The input
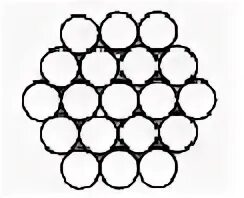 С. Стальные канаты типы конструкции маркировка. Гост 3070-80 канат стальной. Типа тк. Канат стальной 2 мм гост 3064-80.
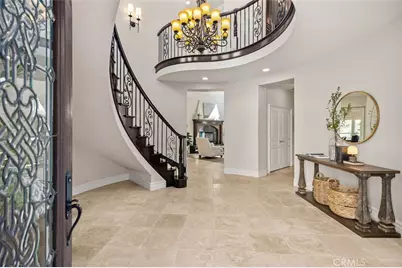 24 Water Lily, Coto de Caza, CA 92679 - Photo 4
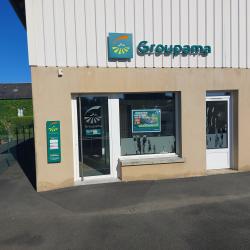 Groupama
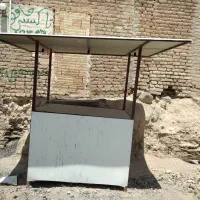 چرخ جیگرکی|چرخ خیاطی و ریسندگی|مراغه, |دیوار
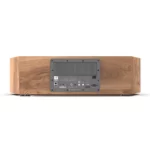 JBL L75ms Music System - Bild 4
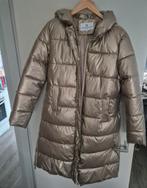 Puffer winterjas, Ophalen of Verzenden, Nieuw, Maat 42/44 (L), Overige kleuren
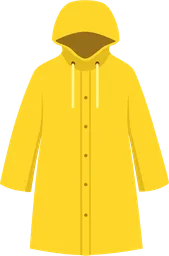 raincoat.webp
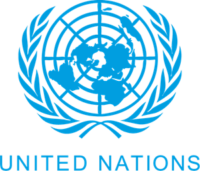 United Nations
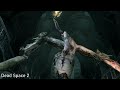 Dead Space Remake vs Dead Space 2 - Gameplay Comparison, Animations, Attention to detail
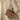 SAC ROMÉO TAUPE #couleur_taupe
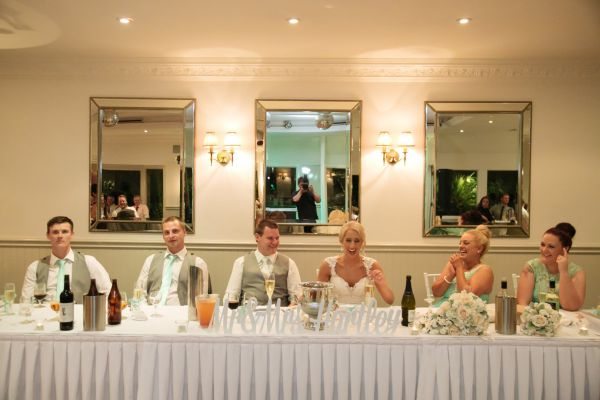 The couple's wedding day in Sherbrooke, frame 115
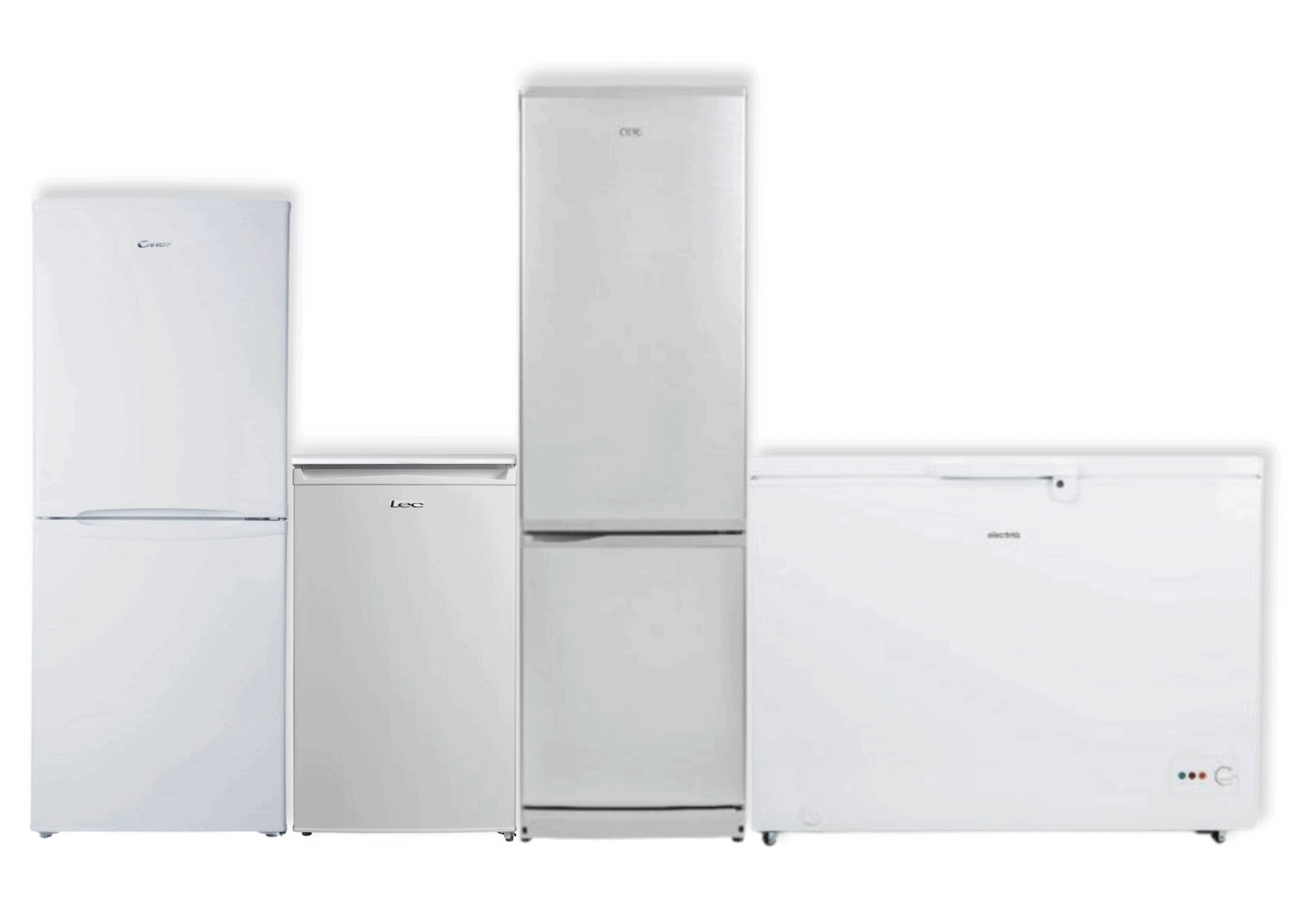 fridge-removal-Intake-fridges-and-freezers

---

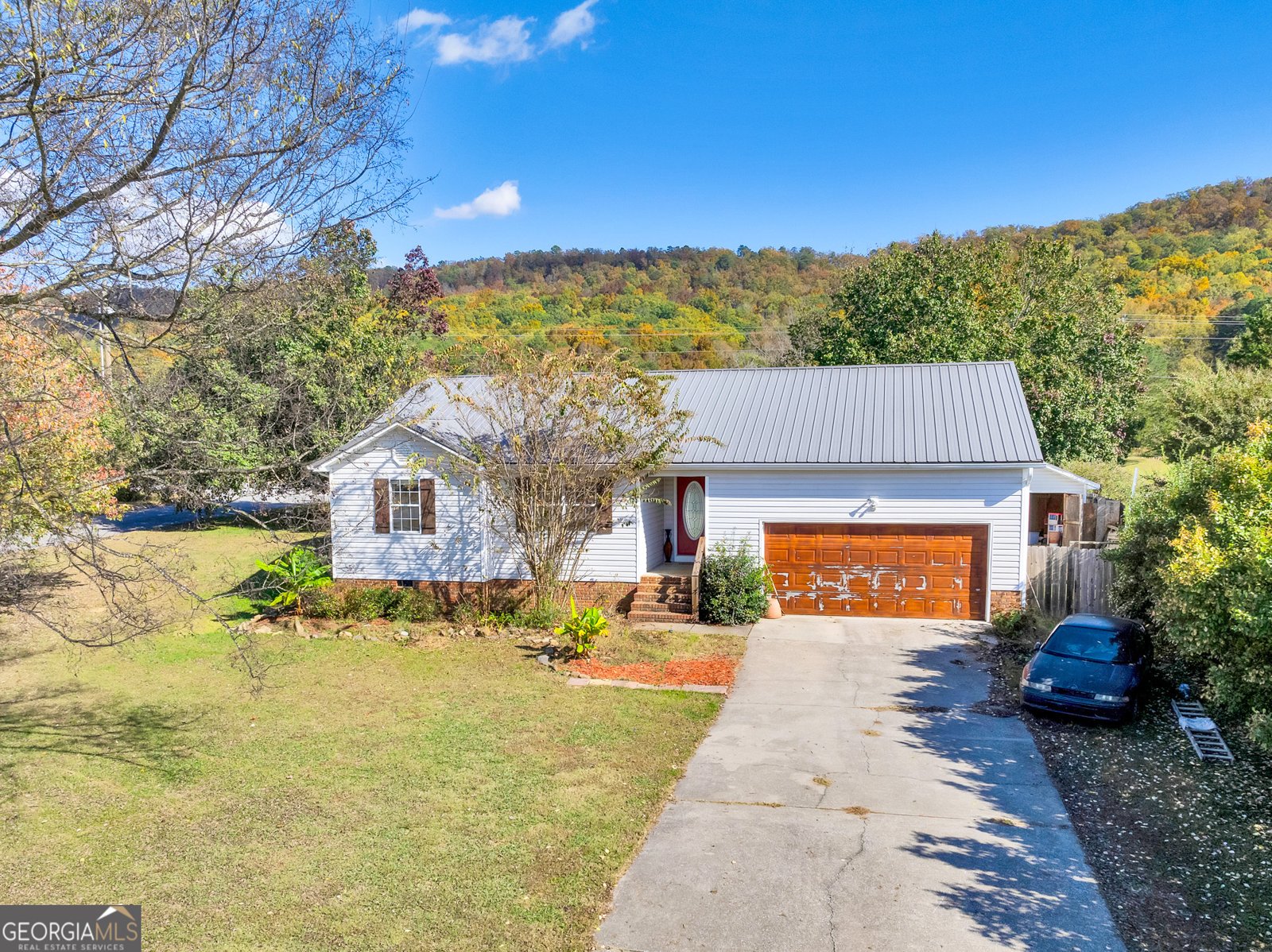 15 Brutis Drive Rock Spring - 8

Problem requirements
What you need to produce is an exact copy of the entries above, limited to the lines from the one with "24 Water Lily, Coto" up to and including the one with "fridge-removal-Intake-fridges-and-freezers", without pictures.

Solution for this task
 24 Water Lily, Coto de Caza, CA 92679 - Photo 4
 Groupama
 چرخ جیگرکی|چرخ خیاطی و ریسندگی|مراغه, |دیوار
 JBL L75ms Music System - Bild 4
 Puffer winterjas, Ophalen of Verzenden, Nieuw, Maat 42/44 (L), Overige kleuren
 raincoat.webp
 United Nations
 Dead Space Remake vs Dead Space 2 - Gameplay Comparison, Animations, Attention to detail
 SAC ROMÉO TAUPE #couleur_taupe
 The couple's wedding day in Sherbrooke, frame 115
 fridge-removal-Intake-fridges-and-freezers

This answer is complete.